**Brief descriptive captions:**
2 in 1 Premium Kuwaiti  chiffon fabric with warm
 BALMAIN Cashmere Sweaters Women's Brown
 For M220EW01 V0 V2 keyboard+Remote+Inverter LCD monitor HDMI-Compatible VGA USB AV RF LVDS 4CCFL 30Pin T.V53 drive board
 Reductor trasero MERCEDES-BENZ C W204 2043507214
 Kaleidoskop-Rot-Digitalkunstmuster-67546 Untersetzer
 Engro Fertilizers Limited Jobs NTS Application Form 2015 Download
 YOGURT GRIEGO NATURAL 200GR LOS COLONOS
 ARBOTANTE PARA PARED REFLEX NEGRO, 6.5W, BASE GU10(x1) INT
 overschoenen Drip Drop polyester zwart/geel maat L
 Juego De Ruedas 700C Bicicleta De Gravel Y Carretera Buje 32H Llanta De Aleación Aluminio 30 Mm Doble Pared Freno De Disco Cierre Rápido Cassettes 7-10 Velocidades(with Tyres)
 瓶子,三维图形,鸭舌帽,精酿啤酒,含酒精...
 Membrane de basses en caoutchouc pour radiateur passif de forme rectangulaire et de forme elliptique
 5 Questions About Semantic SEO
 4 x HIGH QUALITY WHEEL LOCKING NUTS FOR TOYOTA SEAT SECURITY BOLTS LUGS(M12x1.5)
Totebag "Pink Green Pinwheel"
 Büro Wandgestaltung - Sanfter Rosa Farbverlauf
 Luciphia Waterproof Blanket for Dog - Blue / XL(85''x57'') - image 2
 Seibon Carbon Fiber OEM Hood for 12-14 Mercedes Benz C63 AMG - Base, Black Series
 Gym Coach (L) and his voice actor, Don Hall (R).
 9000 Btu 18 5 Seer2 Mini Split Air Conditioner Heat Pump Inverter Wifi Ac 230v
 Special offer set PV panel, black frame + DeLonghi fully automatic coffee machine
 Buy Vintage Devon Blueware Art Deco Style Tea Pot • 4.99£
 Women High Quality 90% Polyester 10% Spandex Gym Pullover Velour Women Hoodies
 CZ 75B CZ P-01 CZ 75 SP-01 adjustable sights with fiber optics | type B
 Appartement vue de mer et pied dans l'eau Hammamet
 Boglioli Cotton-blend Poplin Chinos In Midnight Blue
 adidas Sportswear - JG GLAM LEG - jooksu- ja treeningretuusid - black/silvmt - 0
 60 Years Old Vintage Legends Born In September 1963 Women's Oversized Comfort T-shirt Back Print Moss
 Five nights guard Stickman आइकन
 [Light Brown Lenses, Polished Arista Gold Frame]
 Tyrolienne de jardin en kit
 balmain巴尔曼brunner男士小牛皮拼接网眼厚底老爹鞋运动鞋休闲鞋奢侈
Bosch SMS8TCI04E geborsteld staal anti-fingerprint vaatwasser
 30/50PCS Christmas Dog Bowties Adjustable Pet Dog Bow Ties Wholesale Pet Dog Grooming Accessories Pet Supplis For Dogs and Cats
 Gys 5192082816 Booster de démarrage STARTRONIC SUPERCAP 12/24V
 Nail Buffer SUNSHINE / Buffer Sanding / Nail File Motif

**EXERCISE DIRECTIONS:** Only the lines from the one containing "9000 Btu 18" through the end of the entries above should be written out, exactly and in full.

**RESPONSE TO THIS TASK:**
 9000 Btu 18 5 Seer2 Mini Split Air Conditioner Heat Pump Inverter Wifi Ac 230v
 Special offer set PV panel, black frame + DeLonghi fully automatic coffee machine
 Buy Vintage Devon Blueware Art Deco Style Tea Pot • 4.99£
 Women High Quality 90% Polyester 10% Spandex Gym Pullover Velour Women Hoodies
 CZ 75B CZ P-01 CZ 75 SP-01 adjustable sights with fiber optics | type B
 Appartement vue de mer et pied dans l'eau Hammamet
 Boglioli Cotton-blend Poplin Chinos In Midnight Blue
 adidas Sportswear - JG GLAM LEG - jooksu- ja treeningretuusid - black/silvmt - 0
 60 Years Old Vintage Legends Born In September 1963 Women's Oversized Comfort T-shirt Back Print Moss
 Five nights guard Stickman आइकन
 [Light Brown Lenses, Polished Arista Gold Frame]
 Tyrolienne de jardin en kit
 balmain巴尔曼brunner男士小牛皮拼接网眼厚底老爹鞋运动鞋休闲鞋奢侈
Bosch SMS8TCI04E geborsteld staal anti-fingerprint vaatwasser
 30/50PCS Christmas Dog Bowties Adjustable Pet Dog Bow Ties Wholesale Pet Dog Grooming Accessories Pet Supplis For Dogs and Cats
 Gys 5192082816 Booster de démarrage STARTRONIC SUPERCAP 12/24V
 Nail Buffer SUNSHINE / Buffer Sanding / Nail File Motif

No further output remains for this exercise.